Even as he's pushed over the edge, hurtling toward the pit, he holds on to his faith. And he hits the ground. Somehow, he finds himself standing up and looking around. That, in itself, is defenitely strange, as there is a raging inferno all around him.....and he's somehow remaining conscious and not instantly dead. Groovy. Curious....he sees Shadrak and Mishak galavanting around in here like its some kind of holiday or party or bahrmitsva or something. And then there is this other stranger.
Ok, so I don't think that is what any of them had envisioned. Do you? I don't think Shadrak, Mishak or Abednego thought that God would let it get that far. But they trusted him anyway. They trusted that he was going to show up and deliver them. And even if he didn't...which in a sense he didn't....they were still victorious. God didn't deliver them from the terrible situation. He got them through it totally unscathed. They still got tossed into the fire. But because of their faith, the fire didn't touch them. I think that is an important point. Its different than getting delivered from even having to get tossed in. Its the difference between having to walk through something difficult with God protecting you the whole time and getting delivered from having to walk through something difficult. And I think having to walk through the difficult stuff has purpose.
It shows God that we love Him and trust Him, and put his will, his desire, and his plans before ours. There was probably a moment where shadrak, mishak and abednego thought that living was better than dying, even if dying was what God had in store for them. But they didnt' give in. They believed that God's plan was the right one, not thiers. It also shows God that we trust in him and not in ourselves. By not giving in, by waiting for God to deliver them, these guys made a statement. And that statement was that although we can trust our own power to save us here, it is futile. Either we save our skin by bowing and lose our souls, or we make a run for it and get killed. They chose to trust that God had something in store for them that was better than these two alternatives, even though they reallly could not see or conceive of what it was. And lastly, waiting for God's deliverance in that situation ultimately, I am absolutely certain, increased thier faith. For real, if you can walk through a blazing furnace meant to kill you, unscathed, with God visibly right next to you, and not have your faith increased, than I think you are going to heaven as a piniata. So that the rest of us can beat you with sticks.

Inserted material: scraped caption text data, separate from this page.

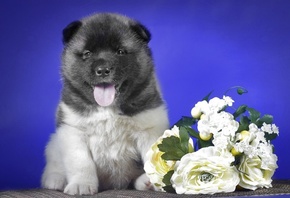 hats, , flowers, , puppy, 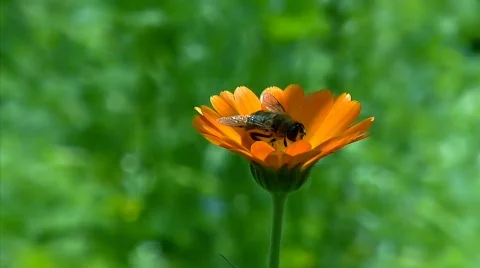 Bee on a flower Stock Footage 722153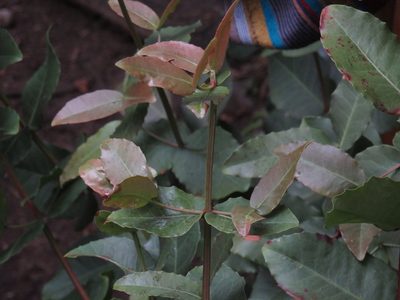 Lauridia tetragona, photographed by Jeremy Gilmore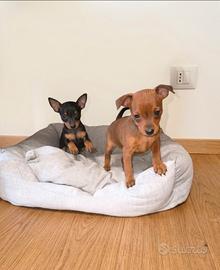 Pinscher Toy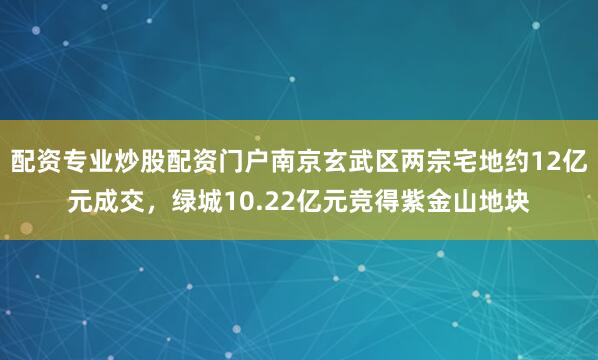 配资专业炒股配资门户南京玄武区两宗宅地约12亿元成交，绿城10.22亿元竞得紫金山地块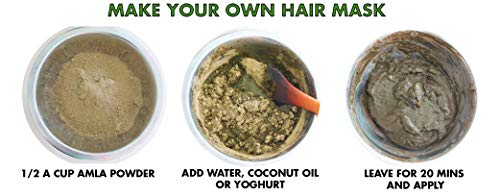 Natures Root Amla polvo orgánico – para peluquería, pérdida de cabello, crecimiento del cabello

And I think that our typical vision of the aftermath of all this is funny. And the text doesn't help. It has them saying all these funky stuff lik "oh King....blah blah blah." Just reading it makes me think of these solemn guys with hoods and robes and stern looks on their faces. Which I really don't think was the case. These guys were all freinds. They knew each other and were close. And, oh yeah, they just wlked through a huge bonfire and weren't hurt. I'm guessing they were still coming down off a huge adrenaline high, they were sweathy from all the excitement, had huge smiles on thier faces, and were giving each others high fives and shouting stuff like "that was freaking Nasty!" They probably felt a lot like people feel when they sky dive or bunjee jump or free-solo their first 5.12a. These guys were pumped. And they were probably laughing and saying, dude, I'm so glad we trusted God instead of giving in or trying to run for it.
So what would you or I have done? Would you have trusted God as much as they did? I think we have to, and we can now that we see examples of it. You know that he'll pull through, no matter what the situation, if you're seeking after him, focusing on him and on what his will is, instead of what our will is, instead of what we want.